■ **TASK DIRECTIONS**: Please write out, exactly as given, every line of the entries below up to and including the line with "Women's V-neck Black Leather Vest".

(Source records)
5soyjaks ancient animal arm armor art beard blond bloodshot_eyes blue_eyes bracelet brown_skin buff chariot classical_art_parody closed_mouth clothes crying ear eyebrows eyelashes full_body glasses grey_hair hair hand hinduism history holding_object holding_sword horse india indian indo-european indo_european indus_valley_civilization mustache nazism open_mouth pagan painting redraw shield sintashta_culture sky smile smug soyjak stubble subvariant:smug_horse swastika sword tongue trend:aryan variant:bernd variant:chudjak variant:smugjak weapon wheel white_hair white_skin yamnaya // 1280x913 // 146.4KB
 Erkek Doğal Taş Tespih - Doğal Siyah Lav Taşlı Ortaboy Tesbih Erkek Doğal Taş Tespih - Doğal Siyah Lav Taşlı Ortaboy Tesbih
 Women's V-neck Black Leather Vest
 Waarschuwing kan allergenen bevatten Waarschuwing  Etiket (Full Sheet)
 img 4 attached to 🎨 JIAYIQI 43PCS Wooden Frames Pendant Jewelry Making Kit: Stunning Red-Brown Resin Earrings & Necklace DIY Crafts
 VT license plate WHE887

■ **SOLVED EXERCISE**:
5soyjaks ancient animal arm armor art beard blond bloodshot_eyes blue_eyes bracelet brown_skin buff chariot classical_art_parody closed_mouth clothes crying ear eyebrows eyelashes full_body glasses grey_hair hair hand hinduism history holding_object holding_sword horse india indian indo-european indo_european indus_valley_civilization mustache nazism open_mouth pagan painting redraw shield sintashta_culture sky smile smug soyjak stubble subvariant:smug_horse swastika sword tongue trend:aryan variant:bernd variant:chudjak variant:smugjak weapon wheel white_hair white_skin yamnaya // 1280x913 // 146.4KB
 Erkek Doğal Taş Tespih - Doğal Siyah Lav Taşlı Ortaboy Tesbih Erkek Doğal Taş Tespih - Doğal Siyah Lav Taşlı Ortaboy Tesbih
 Women's V-neck Black Leather Vest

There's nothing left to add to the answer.